Father Louis Balthazar MEURANT was one of the first South African composers, he wrote the music for the ballet Het Liefde-nes . He bought a printing press for 300 pounds sterling on the condition that his son Louis Henri should serve apprenticeship with him and be a partner. Only 5 months later Cape Governor Lord Charles Somerset suppressed the Commercial Advertiser edited by Thomas PRINGLE and John FAIRBAIRN and printed by GREIG , thus precipitating the famous struggle for the free press in South Africa.
Young Louis Henri showed enterprise and self assuredness from a very early age and at the mere age of 13 applied to the Cape government for permission to purchase property in Cape Town. This was refused.
Orphaned at 14 Louis Henri was adopted by Mr M.J. SMIT and his family and in 1831 married his eldest stepsister, Charlotte SMIT (1809-1888). He started his career in journalism as an apprentice with the South African Commercial Advertiser, and, after his marriage, he moved to Grahamastown.
In 1820 Robert GODLONTON and Thomas STRINGFELLOW had brought an old wooden printing press to Cape Town. It was confiscated upon arrival by authorities who feared that a press would organise frontier opinion. The press was later sent to Graaff Reinet and used for printing Government notices. It was auctioned off in 1831 and bought by Louis MEURANT and he established the first newspaper in the Cape Colony , the Graham’s Town Journal.
Louis MEURANT was a close friend of Piet Retief . After he had published Piet Retief’s Mainifesto in the Graham’sTown Journal on 2 February 1837 , he accompanied Retief from Grahamstown as far as his farm in the Winterberg.
He gave Retief a large quarto volume of Roman Dutch Law, and Retief gave MEURANT his private papers for safe-keeping. Retief left the Cape Colony with 2 wagons and accompanied by 30 other wagons had left from his farm at Post Retief by the time the authorities arrived with a warrant for his arrest .

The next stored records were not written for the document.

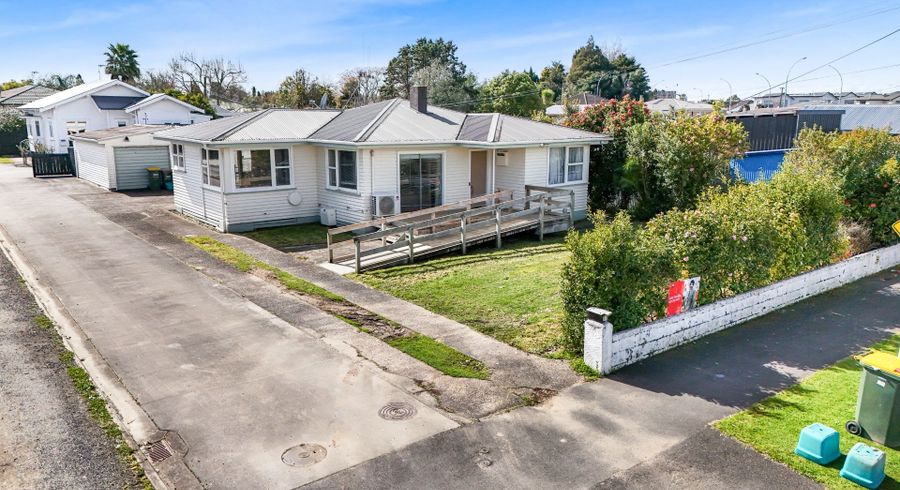  at 11 Dinsdale Road, Dinsdale, Hamilton, Waikato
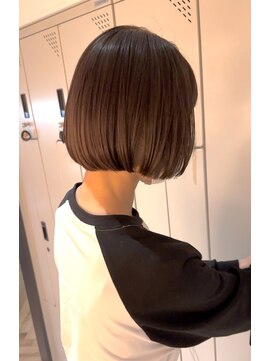 フルールバイアヴァンスクロス(Flulu by avance. cross) ショートボブ/艶髪/東梅田/美容室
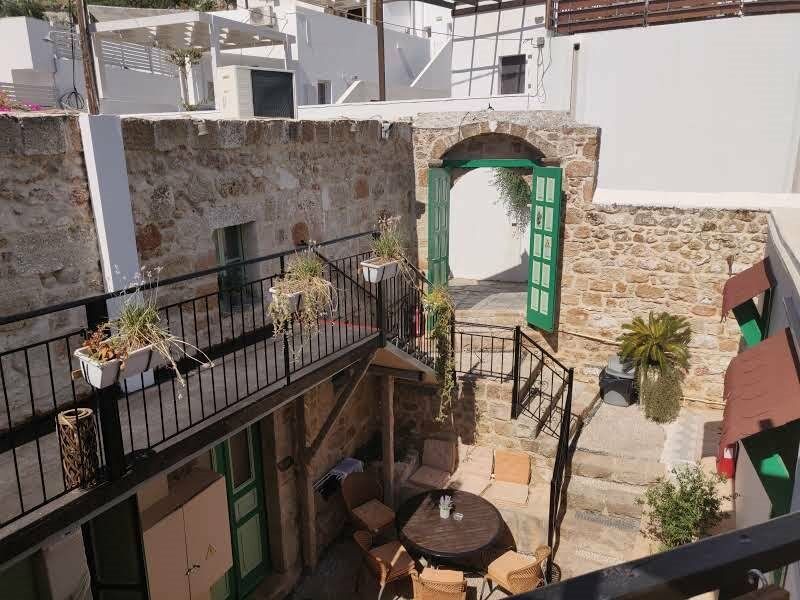 Xenones Aparthotel 3*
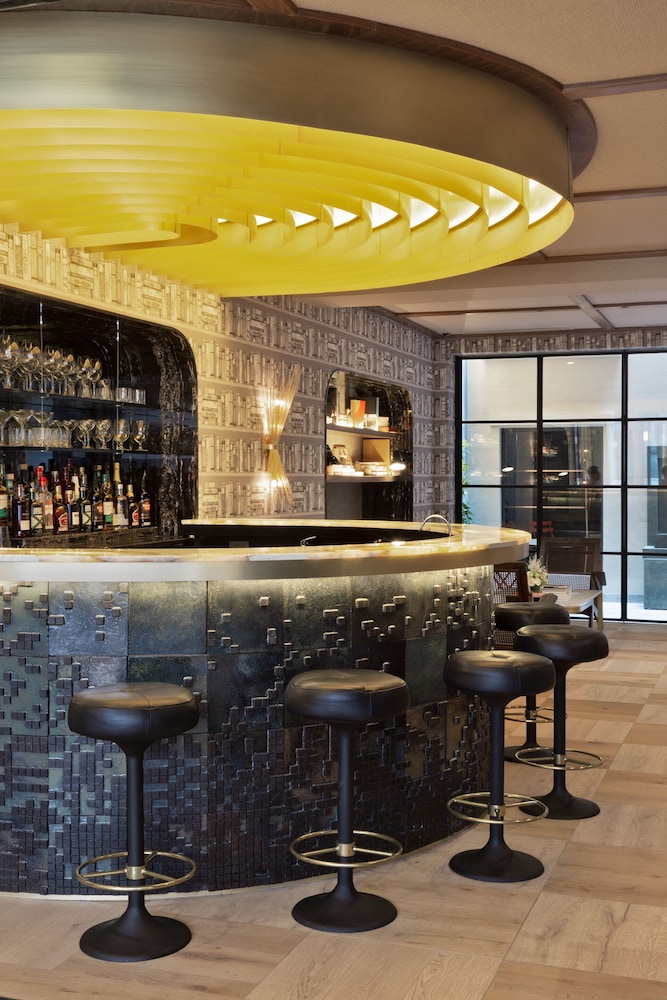 The Alest Hotel 40/45
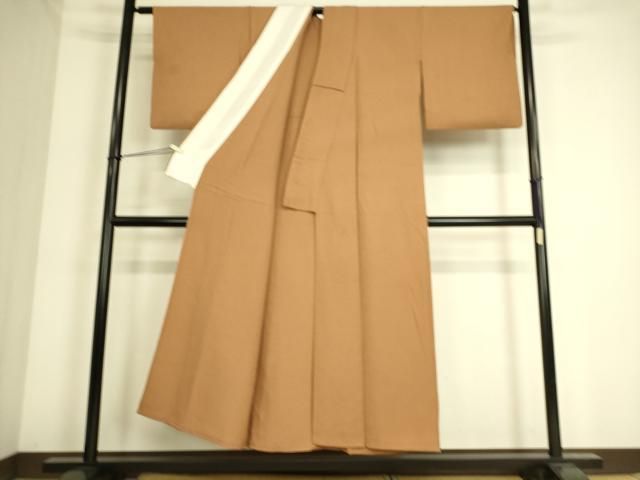 平和屋着物▽上質な色無地　単衣　紋意匠　遠州茶色　正絹　逸品　DAAS0486az 平和屋着物▽上質な色無地 単衣 紋意匠 遠州茶色 正絹 逸品 DAAS0486az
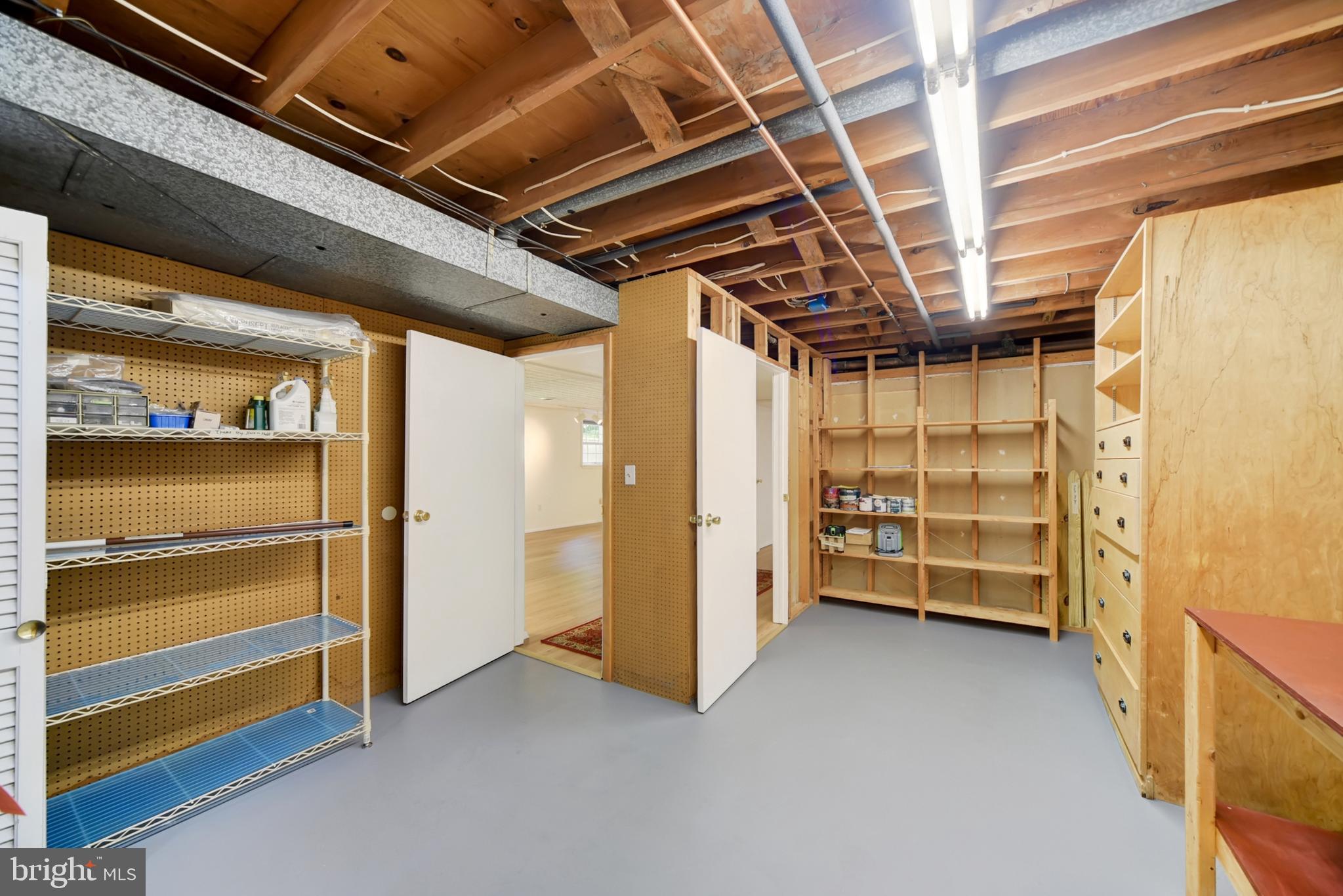 TEN HILLS - Residential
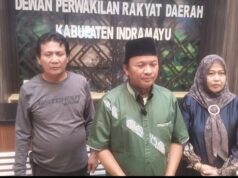 Solihin Pendamping Dua Desa Lakukan Audiensi Dengan DPRD Indramayu Terkait Dugaan Kecurangan Pilwu Pada Sistem Digital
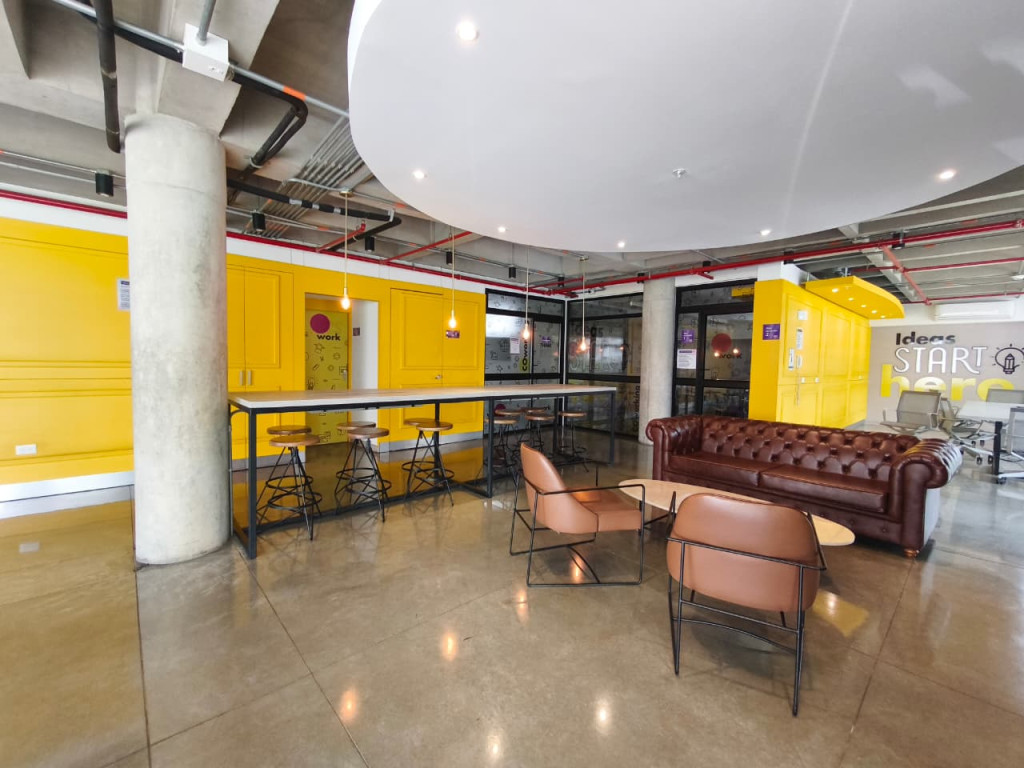 Apartaestudio En Arriendo - Urbanización La Flora, Cali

Louis MEURANT later also published the Kaapsche Grensblad, the Cradock News en the Cradocksche Nieuwsblad. He published under various nom-de-plumes a series of letters and dialogues as commentary on current affairs. As part of his journalistic and political activities, MEURANT also wrote and published some well-known and influential "Zamenspraake" (dialogues) in The Cradock News in 1860, under the pseudonym Klaas Waarzegger ("Klaas Soothsayer"). Focussed on the split between the Eastern and Western provinces, they were entitled Zamenspraak tusschen Klaas Waarzegger en Jan Twyfelaar over het onderwerp van afscheiding tusschen de Oostelyke en Westelyjke Provincie. Collected in book form and first published in 1861, they were considered to be the first published book in Afrikaans. His nom-de-plume Klaas Waarzegger practically became the symbol of Afrikaans conciousness and played an important role in the first Afrikaans language movement .

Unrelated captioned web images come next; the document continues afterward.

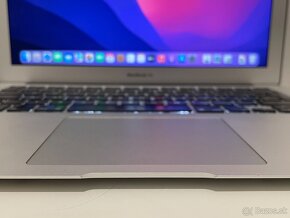 Apple MacBook Air 13" Early 2015 128 GB - 4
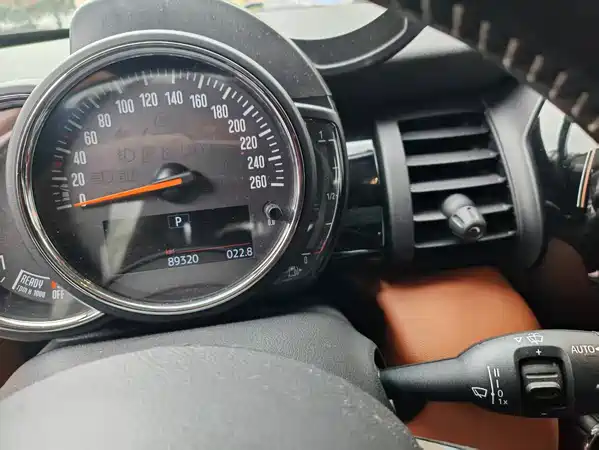 MINI 2016
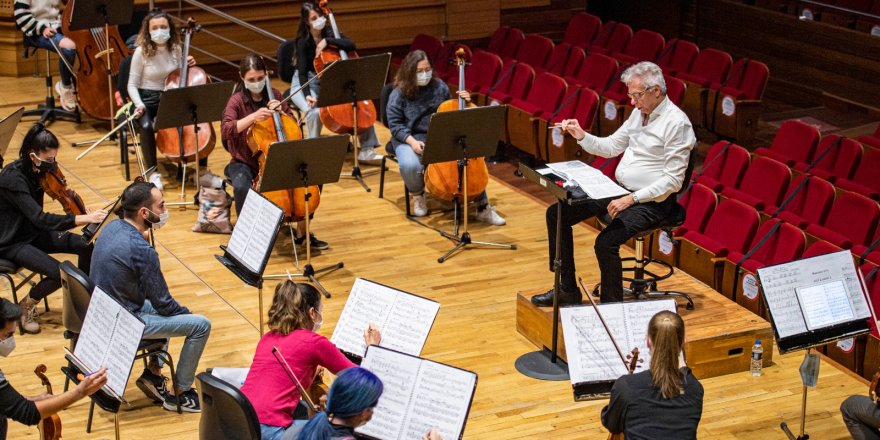 İzmir Büyükşehir Belediyesi sanatçıyla “El Ele” 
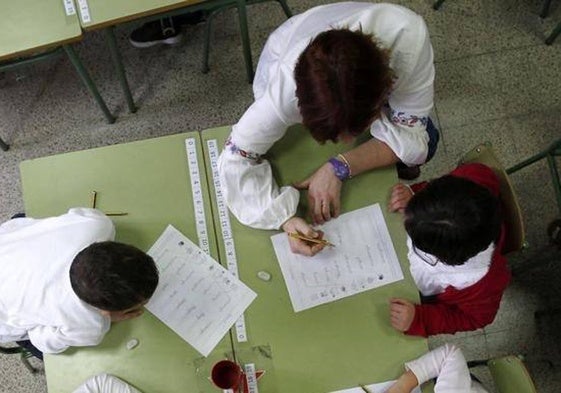 Una profesora acude a la justicia porque le denegaron coger vacaciones tras reincorporarse de una baja médica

Along with another friend, Frederick REX (the son of George REX), he was possibly a co-author (with REX and Andrew Geddes BAIN) of the satirical piece Kaatjie Kekkelbek during his sojourn in Grahamstown. The work is usually considered to be the first example of written Afrikaans certainly one of the earliest in dramatic form.
A strong advocate for the recognition of written Afrikaans, he regularly wrote contributions for his newspapers in Afrikaans . Robert GODLONTON soon joined MEURANT at the Graham’s Town Journal , became a partner in 1843 and bought out MEURANT in 1849.

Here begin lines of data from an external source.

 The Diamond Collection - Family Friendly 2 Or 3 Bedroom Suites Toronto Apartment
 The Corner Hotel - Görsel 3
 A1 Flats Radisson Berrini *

MEURANT was an activist for freedom of the press, he was the author of the treatise Sixty years ago, or, Reminiscences of the struggle for the freedom of the press in South Africa and the establishment of the first newspaper in the Eastern Province (Cape Town, 1885), which is in addition a most valuable source on 19th century theatre and other cultural matters.
Because of his bilingualism, Louis MEURANT often served as translator , inter alia between the British and Dutch, e.g. at the Sand River Convention, which led to the founding of the Zuid-Afrikaansche Republiek (South African Republic) in Transvaal.
From 1853 onwards he was apparently a magistrate of several districts in the Colony, starting at Katrivier, then moving to Cradock, Fort Beaufort (1864 to 1874 ), Clanwilliam and from 1874 till his retirement in 1881, at Riversdale.
From 1884 till his death on 29 March 1893 at Riversdale he was a member of parliament for the Cape Colony.
He was buried in the Meurant Historical Cemetery, alongside his first wife, Charlotte MEURANT, in 1893.